テーマ 移り住みたいまちには、何があるのか?

静岡という土地を知り、移り住むことを経験したゲスト・菊地氏の視点を参考に、魅力的なまちとは何かを考える。

GUEST
菊地 徹 氏
栞日 代表取締役/企画・編集・執筆
静岡市出身。筑波大学(国際関係学)を卒業後、旅館、ベーカリーでの勤務を経て、2013年、長野県松本市で独立系出版物を扱う書店兼喫茶〈栞日〉を開業。2014年から北アルプス山麓で本を楽しむブックフェス「ALPS BOOK CAMP」を主催。中長期滞在型の宿〈栞日INN〉や、銭湯〈菊の湯〉運営も。まちのにぎわいづくりや文化発信の旗手として注目される。34歳。

Moderator

村越 真氏
静岡大学教育学部 教授

3ヶ月ぶりの開催となったBRIDGE SHIZUOKAは、これまでより30分早い18時半スタートとしました。移住というテーマへの関心は高く、申し込み開始から1週間ほどで定員となり、20代から60代まで22人の方に参加いただきました。
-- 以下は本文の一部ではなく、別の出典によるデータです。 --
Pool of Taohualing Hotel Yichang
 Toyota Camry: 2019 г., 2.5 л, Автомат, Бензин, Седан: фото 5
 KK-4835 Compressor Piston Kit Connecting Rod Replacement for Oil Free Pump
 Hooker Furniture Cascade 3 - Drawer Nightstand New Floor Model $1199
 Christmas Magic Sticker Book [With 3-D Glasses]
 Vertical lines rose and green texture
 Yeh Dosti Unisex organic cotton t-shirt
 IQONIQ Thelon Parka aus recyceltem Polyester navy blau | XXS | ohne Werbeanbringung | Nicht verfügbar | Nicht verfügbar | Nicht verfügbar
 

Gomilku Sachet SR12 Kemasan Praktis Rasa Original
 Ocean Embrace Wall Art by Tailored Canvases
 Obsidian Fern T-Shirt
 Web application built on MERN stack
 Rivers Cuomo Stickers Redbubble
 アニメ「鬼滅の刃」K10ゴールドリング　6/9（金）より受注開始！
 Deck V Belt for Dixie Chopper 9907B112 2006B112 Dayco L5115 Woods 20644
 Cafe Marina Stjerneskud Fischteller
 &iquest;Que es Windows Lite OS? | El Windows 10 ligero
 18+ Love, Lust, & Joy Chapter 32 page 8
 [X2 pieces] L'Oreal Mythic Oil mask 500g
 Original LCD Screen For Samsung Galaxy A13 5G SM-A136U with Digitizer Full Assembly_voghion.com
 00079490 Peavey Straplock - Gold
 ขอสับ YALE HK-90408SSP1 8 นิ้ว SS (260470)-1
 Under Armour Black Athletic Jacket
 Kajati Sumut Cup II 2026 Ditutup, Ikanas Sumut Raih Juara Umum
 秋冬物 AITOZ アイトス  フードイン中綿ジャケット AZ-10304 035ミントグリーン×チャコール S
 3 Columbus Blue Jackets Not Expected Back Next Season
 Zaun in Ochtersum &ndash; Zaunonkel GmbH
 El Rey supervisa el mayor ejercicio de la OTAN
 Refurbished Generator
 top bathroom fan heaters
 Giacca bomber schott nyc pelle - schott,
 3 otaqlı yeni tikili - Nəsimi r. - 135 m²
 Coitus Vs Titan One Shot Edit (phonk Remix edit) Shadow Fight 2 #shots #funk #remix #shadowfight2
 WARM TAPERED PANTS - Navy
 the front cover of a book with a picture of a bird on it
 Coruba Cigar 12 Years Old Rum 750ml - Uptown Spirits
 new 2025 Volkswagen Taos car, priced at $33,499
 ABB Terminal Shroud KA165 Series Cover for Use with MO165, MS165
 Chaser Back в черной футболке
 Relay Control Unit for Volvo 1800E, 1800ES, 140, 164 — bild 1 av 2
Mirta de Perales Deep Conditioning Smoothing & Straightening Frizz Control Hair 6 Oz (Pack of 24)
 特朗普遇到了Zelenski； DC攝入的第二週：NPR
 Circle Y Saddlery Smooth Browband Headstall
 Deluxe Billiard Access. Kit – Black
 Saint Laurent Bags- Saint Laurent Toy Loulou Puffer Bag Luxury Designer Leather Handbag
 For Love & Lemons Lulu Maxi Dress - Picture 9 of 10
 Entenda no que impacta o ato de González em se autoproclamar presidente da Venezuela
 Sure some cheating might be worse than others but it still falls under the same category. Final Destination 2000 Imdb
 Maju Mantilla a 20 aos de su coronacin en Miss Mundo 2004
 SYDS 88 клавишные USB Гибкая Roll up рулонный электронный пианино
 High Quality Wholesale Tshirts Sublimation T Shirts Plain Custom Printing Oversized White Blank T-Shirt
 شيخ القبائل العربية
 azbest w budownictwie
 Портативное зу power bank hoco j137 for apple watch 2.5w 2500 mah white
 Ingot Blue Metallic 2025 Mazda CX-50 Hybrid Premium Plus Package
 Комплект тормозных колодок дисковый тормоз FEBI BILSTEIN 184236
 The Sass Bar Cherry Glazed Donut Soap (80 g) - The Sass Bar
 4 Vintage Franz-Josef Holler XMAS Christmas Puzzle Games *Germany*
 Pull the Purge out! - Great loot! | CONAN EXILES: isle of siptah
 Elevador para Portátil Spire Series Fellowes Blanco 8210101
ゲストは長野県松本市で独立系出版物を扱う書店兼喫茶「栞日」を運営する菊地徹さん。中長期滞在型の宿や銭湯の運営、北アルプス山麓で本を楽しむブックフェス「ALPS BOOK CAMP」を主催するなど、土地に根ざした取り組みが注目されています。実は菊地さん、高校卒業まで静岡市で過ごし、茨城県の大学に進学。その後、長野県へと住む場所を変えました。静岡をよく知り、見知らぬ土地に「移り住む」という経験をした、菊地さんの2つの視点から、魅力的なまちとは何か、静岡の可能性はどこにあるのかを考えたいと思いました。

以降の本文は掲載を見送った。